Motor vehicle searches by the NYPD surged under Mayor Eric Adams, overwhelmingly targeting Black and Latino drivers and typically without a legally justifiable basis for the enforcement, according to a new lawsuit.
NYPD vehicle searches more than doubled in the first three years of Adams’ term, rising from 13,340 in 2022 to 28,416 in 2024, according to the claim. Black and Latino drivers made up 84% of the searches from 2022 through September 2025, and white motorists less than 4%. Only a small percentage of the searches resulted in the filing of any charges.
Daniel Lambright, senior counsel for criminal justice litigation at NYCLU, one of the groups that brought the suit, said the disparities amounted to “stop and frisk on wheels” — a reference to the NYPD’s discredited practice of stopping, frisking and questioning mostly Black and Latino pedestrians without the required legal justification, which peaked during Mayor Michael Bloomberg’s three terms from 2002 to 2013.
“Far too many Black and Latino drivers in New York City are treated like criminals when their vehicles are searched during what should be routine traffic stops, merely because of the color of their skin,” Lambright said in a statement. “We call upon Mayor Mamdani to end this racist and shameful NYPD practice. The NYPD cannot treat our city like a constitution-free zone where Black and brown New Yorkers’ rights don’t matter.”
When asked for comment on the lawsuit, an NYPD spokesperson referred Gothamist to police officials’ remarks during a City Council hearing last year in which they were questioned about the racial disparities in vehicle searches. Joshua Levin, the NYPD director of legislative affairs, said the agency sends more officers to areas of the city with a high number of crimes and resident complaints, resulting in more stops.
“Any time you have more police officers in a certain area, as a result you are going to see more enforcement,” he said. “You are going to see more car stops, you are going to see more searches.”
The lawsuit, which alleges civil rights violations, was filed in U.S. District Court in Manhattan. Adams, a former NYPD police captain, was mayor from 2022 through 2025.
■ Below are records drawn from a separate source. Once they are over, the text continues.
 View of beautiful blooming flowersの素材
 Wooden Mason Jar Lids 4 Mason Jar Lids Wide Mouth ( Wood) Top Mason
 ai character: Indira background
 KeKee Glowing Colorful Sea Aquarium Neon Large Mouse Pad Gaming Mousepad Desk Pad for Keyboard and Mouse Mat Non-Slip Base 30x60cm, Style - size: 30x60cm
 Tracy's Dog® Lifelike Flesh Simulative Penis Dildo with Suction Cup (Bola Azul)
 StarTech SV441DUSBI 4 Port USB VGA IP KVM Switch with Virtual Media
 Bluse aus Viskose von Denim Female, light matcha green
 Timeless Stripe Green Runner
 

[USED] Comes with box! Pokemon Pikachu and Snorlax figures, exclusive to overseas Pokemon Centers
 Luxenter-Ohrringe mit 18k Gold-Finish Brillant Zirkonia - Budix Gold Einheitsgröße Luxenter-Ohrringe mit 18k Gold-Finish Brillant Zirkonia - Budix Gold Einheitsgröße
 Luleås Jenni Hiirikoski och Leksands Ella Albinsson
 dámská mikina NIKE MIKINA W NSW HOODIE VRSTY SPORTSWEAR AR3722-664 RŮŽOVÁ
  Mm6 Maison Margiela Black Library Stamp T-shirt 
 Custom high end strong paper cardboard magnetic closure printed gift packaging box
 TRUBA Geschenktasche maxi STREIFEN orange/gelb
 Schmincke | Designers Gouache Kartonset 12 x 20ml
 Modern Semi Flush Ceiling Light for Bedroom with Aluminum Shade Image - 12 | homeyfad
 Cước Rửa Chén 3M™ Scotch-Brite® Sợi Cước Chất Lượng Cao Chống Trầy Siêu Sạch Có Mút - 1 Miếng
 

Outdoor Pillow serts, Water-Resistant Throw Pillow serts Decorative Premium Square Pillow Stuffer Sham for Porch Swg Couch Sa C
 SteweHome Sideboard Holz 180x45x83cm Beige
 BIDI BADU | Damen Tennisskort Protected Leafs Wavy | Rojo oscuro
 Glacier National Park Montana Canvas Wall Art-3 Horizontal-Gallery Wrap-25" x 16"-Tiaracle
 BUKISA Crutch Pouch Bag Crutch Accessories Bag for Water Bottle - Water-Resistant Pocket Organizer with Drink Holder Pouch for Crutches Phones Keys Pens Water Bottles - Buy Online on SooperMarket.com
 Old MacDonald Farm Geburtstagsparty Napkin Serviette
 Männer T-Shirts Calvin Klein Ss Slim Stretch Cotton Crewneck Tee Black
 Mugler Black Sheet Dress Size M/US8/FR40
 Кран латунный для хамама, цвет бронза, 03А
It was brought by NYCLU, the Bronx Defenders, and Milbank LLP on behalf of the NAACP New York State Conference and two Black New Yorkers whose vehicles were searched by the NYPD. It demands an end to the allegedly unlawful conduct, for the NYPD to establish “appropriate standards,” and seeks money damages and attorney fees for the plaintiffs.
The disparities in searches cited in the complaint persisted across the city, according to an analysis in the suit, with police searching Black and Latino drivers at higher rates across precincts. Police conducted vehicle searches at even higher rates in Black and Latino neighborhoods, even when controlling for crimes.
The NYPD searched the vehicle of one of the plaintiffs, Christopher Oliver, four times in the past two years, according to the complaint. In each case, Oliver did not consent to the search, and officers didn't issue him a ticket or find any weapons or contraband.
While the purported reason for the increase in vehicle searches was to confiscate illegal firearms, according to the lawsuit, such findings are rare. More than 96% of searches don't result in an arrest for criminal possession of a weapon, according to the lawsuit.
Nearly 700,000 stops were made during stop and frisk's peak in 2011, and the vast majority of them targeted Black and Latino New Yorkers, ostensibly to check for illegal guns. In a 2013 ruling, a federal judge concluded the city’s use of stop and frisk had been unconstitutional and amounted to racial profiling.
Judge Shira A. Scheindlin noted in her ruling that no weapons were found in 91% of the nearly 4.5 million stops between 2004 and mid-2012, and just 6% of the stops resulted in an arrest.
“Stop and frisk has not disappeared,” Donna Lieberman, the executive director of NYCLU said at a press conference on Thursday. “It’s simply shifted.”
This is a breaking news story and will be updated.